经过思考发现,有一种"等差数列差"的方法可以很轻松的将其实现,
具体思路:对每个用户关于购买日期进行一个排序,然后将购买日期和这个排序进行相减,需求中要的是连续3天,那么我们进行相减后,根据用户分组和相减后的日期进行分组,求出相同日期 >=3的,即可得到连续3天这个要求,最终我们还需要再进行一个去重,根据用户去重,因为会出现一个用户在14天内出现好几次连续3天,那么最终结果将会产生重复,比如说一个用户在7,8,9号三天连续,同时在15,16,17号三天也连续了,那么这个用户最终将会被统计两次,这明显不是我们需要的结果。具体实现见下
1.1)给每个用户的下单日期进行一个排序(分组排序要开窗)
select id,
order_date,
rank() over (partition by id order by order_date) rn
from orders
where order_date > date_sub('2020-03-20', 14)
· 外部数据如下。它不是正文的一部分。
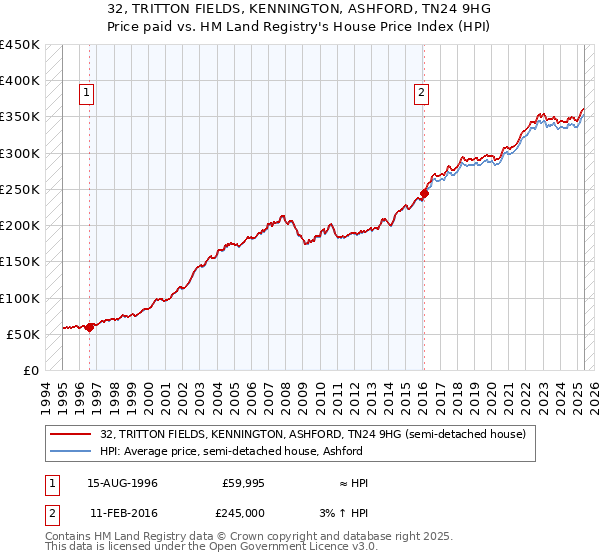 32, TRITTON FIELDS, KENNINGTON, ASHFORD, TN24 9HG: Price paid vs HM Land Registry's House Price Index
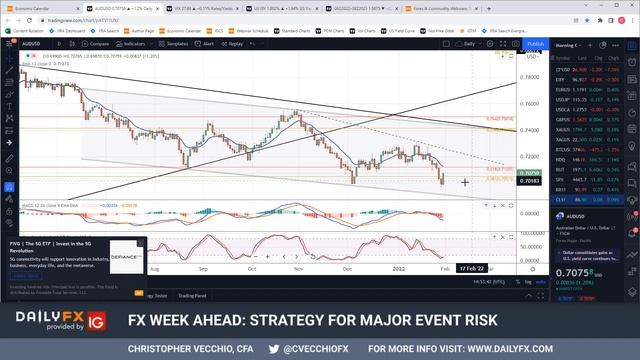 Markets Week Ahead: BOE, ECB, & RBA Meetings; Canada Jobs & US NFP смотреть онлайн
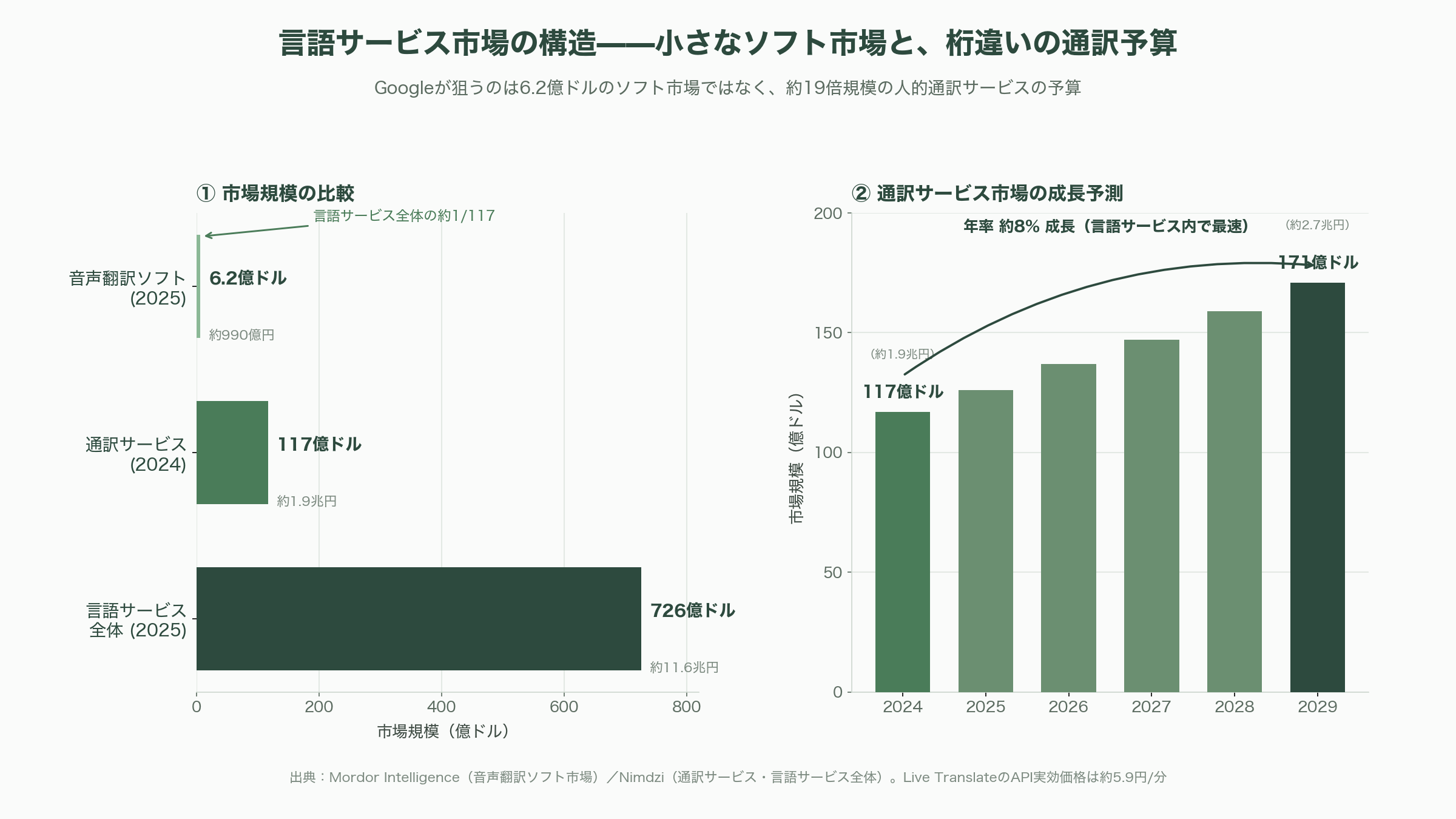 Google、同時通訳級Gemini 3.5 Live Translate発表。70以上の言語に対応 - シリコンバレーVCの視点——「沈黙」が語るコモディティ化と、残る投資テーゼ - 図表1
and order_date <= '2020-03-20'
得到下面
1.2)将每个用户的购买日期和日期排序进行一个相减
select id,
date_sub(order_date, rn) diff
from (
select id,
order_date,
rank() over (partition by id order by order_date) rn
from orders
where order_date > date_sub('2020-03-20', 14)
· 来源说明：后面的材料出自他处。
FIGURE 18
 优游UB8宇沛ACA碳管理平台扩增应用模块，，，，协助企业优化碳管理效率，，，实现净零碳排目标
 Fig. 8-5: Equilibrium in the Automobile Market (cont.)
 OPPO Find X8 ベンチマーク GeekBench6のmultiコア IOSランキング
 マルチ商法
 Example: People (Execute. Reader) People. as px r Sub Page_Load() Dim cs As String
and order_date <= '2020-03-20'
) t1
得到下面
1.3)此时按照用户id和diff进行分组求出相同用户和diff下>=3的数据
select id,
diff,
count(*) days
from (
select id,
date_sub(order_date, rn) diff
from (
select id,
order_date,
rank() over (partition by id order by order_date) rn
from orders
where order_date > date_sub('2020-03-20', 14)
and order_date <= '2020-03-20'
) t1
) t2
group by id, diff
having count(*) >= 3
得出下面结果
1.4)最后再根据用户进行去重实现最终需求
select id,
max(days)
from (
select id,
diff,
count(*) days
from (
select id,
date_sub(order_date, rn) diff
from (
select id,
order_date,
rank() over (partition by id order by order_date) rn
from orders
where order_date > date_sub('2020-03-20', 14)
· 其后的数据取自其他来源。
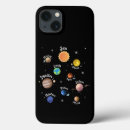 Search for solar system iphone cases Science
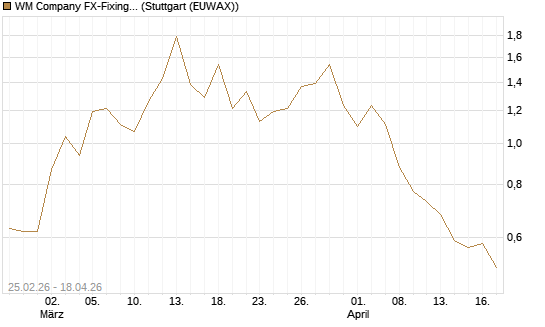 WM Company FX-Fixing Optionsschein auf EUR/USD [Goldman Sachs Bank Europe SE] Chart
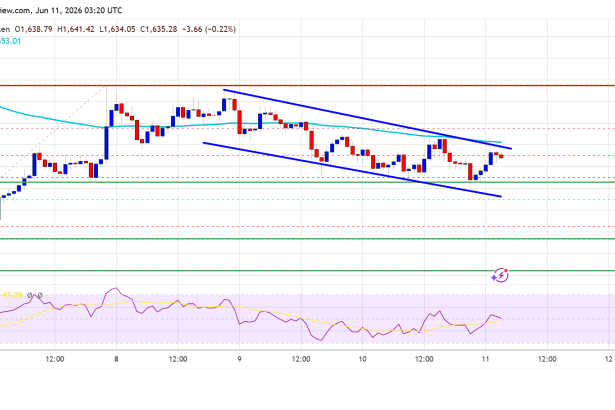Ethereum Jumps 18% As Spot Volume Surges Across Exchanges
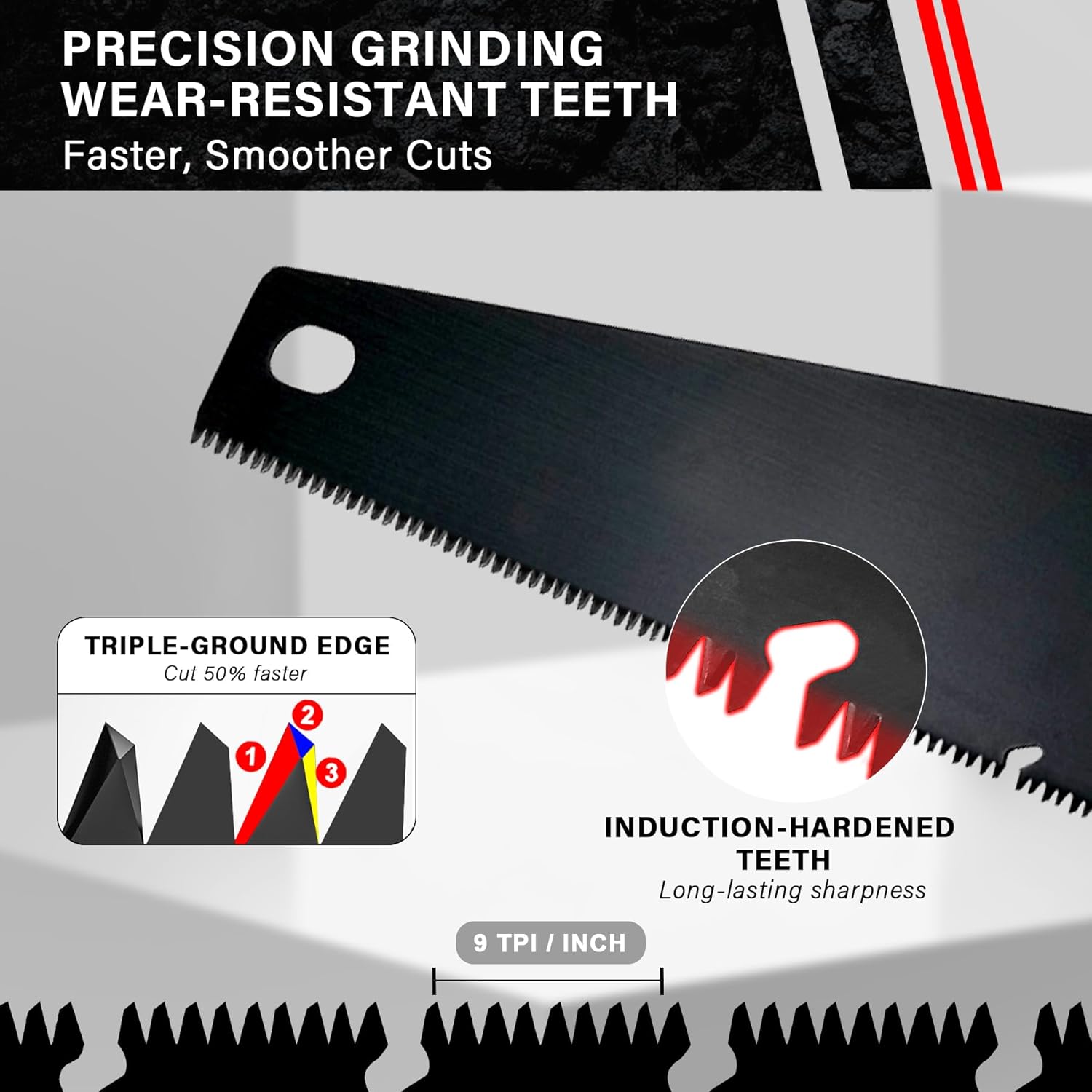 Alternative view of HAUTMEC 22" Aggressive Hand Saw with Chip Removal Design, Heavy-Duty Wood Saw with 9 TPI Triple-Ground Teeth, Rust-Proof Low-Friction Blade & Ergonomic Handle for Labor-Saving & Fast Cutting - HT0026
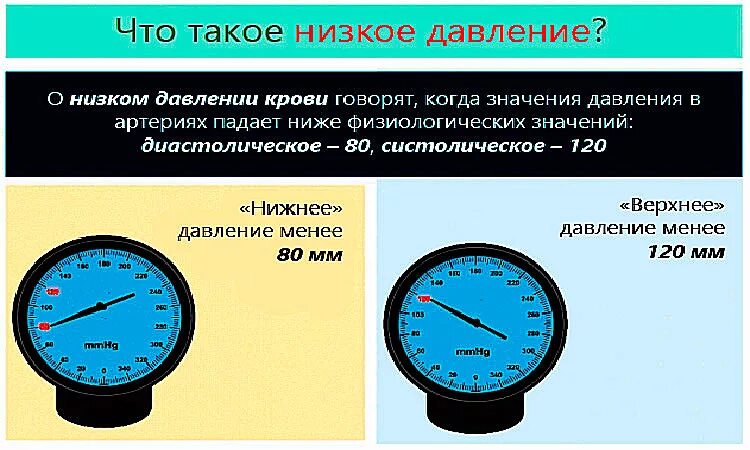 О чем говорит низкое нижнее. Низкое диастолическое давление. Пониженное диастолическое давление причины. Диастолическое артериальное давление низкое. Понижено диастолическое давление причины.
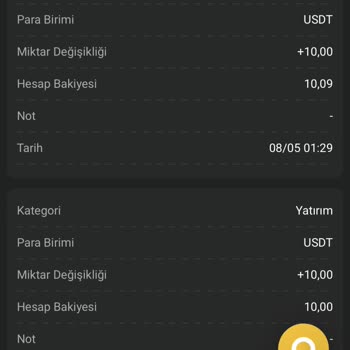 Müşteri Deneyimi: 96acs.com İle Hayal Kırıklığı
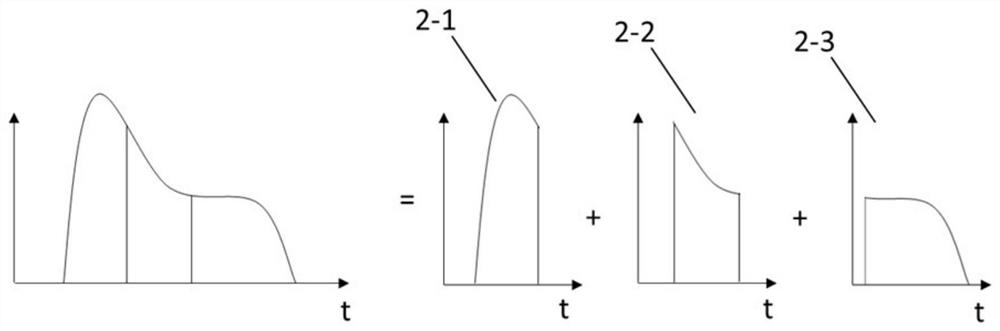 A pulsed time domain waveform tunable fiber laser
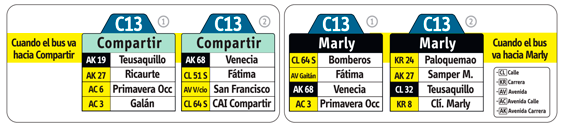 Ruta C13 - Compartir y Marly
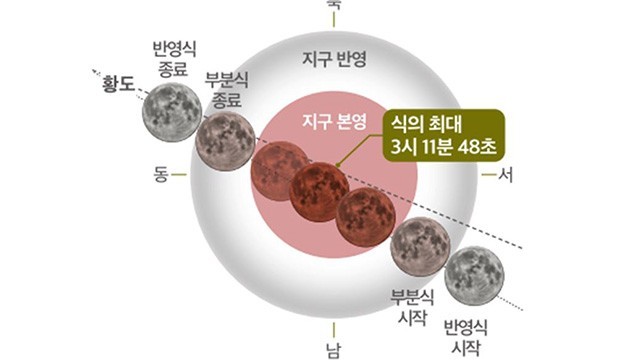 9월 8일 개기월식 진행도. / 영천시 제공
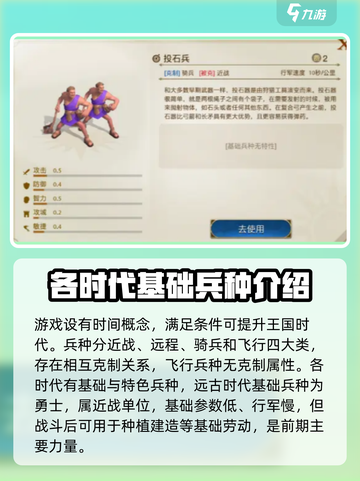世界启元文明兵种🔥最强搭配攻略来啦！截图2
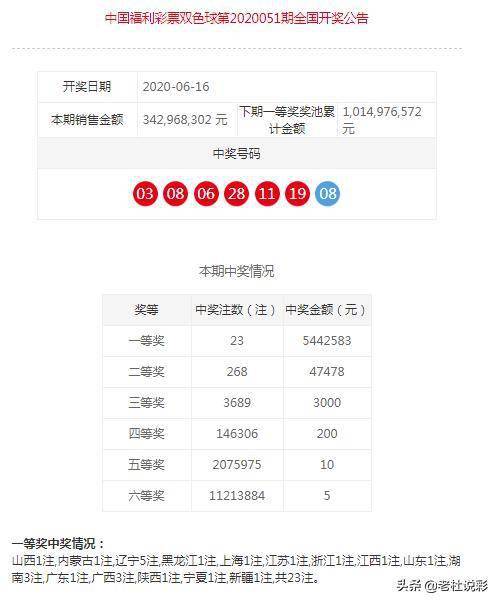 澳門一一碼一特一中準(zhǔn)選今晚，探索澳門的魅力與未來(lái)展望，澳門魅力探索與未來(lái)展望，今晚一一碼一特一中準(zhǔn)選揭曉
and order_date <= '2020-03-20'
) t1
) t2
group by id, diff
having count(*) >= 3
) t3
group by id;
最终结果如下
2.请统计最近14天内连续3天购买的用户,以及连续购买的最大天数,其中断1天也算连续
比如说,6,8,9三天都购买了,也算连续,连续天数就是4天,即9-6+1=4
2.1)将每个用户上一行购买时间拿出来,没有的补为"1970-01-01"
select id,
order_date,
lag(order_date, 1, '1970-01-01')
over (partition by id order by order_date) last_date
from orders
where order_date > date_sub('2020-03-20', 14)
and order_date <= '2020-03-20'
结果如下:
2.2)将order_date与last_date进行相减
select id,
order_date,
datediff(order_date, last_date) diff
from (
select id,
order_date,
lag(order_date, 1, '1970-01-01')
over (partition by id order by order_date) last_date
from orders
where order_date > date_sub('2020-03-20', 14)
and order_date <= '2020-03-20'
) t1
结果如下:
2.3)这里开始处理连续3天断1天也算连续,我们如何来保证"断1天也连续",经过观察,我们需要对每个用户在这14天内购买日期进行一个分组,根据中间断开大于等于2天的将每个用户进行一个标号,这样每个用户连续3天(断1天也连续)的日期都会分在不同组
select id,
order_date,
sum(`if`(diff > 2, 1, 0)) over (partition by id order by order_date) sign
from (
select id,
order_date,
datediff(order_date, last_date) diff
from (
select id,
order_date,
lag(order_date, 1, '1970-01-01')
over (partition by id order by order_date) last_date
from orders
where order_date > date_sub('2020-03-20', 14)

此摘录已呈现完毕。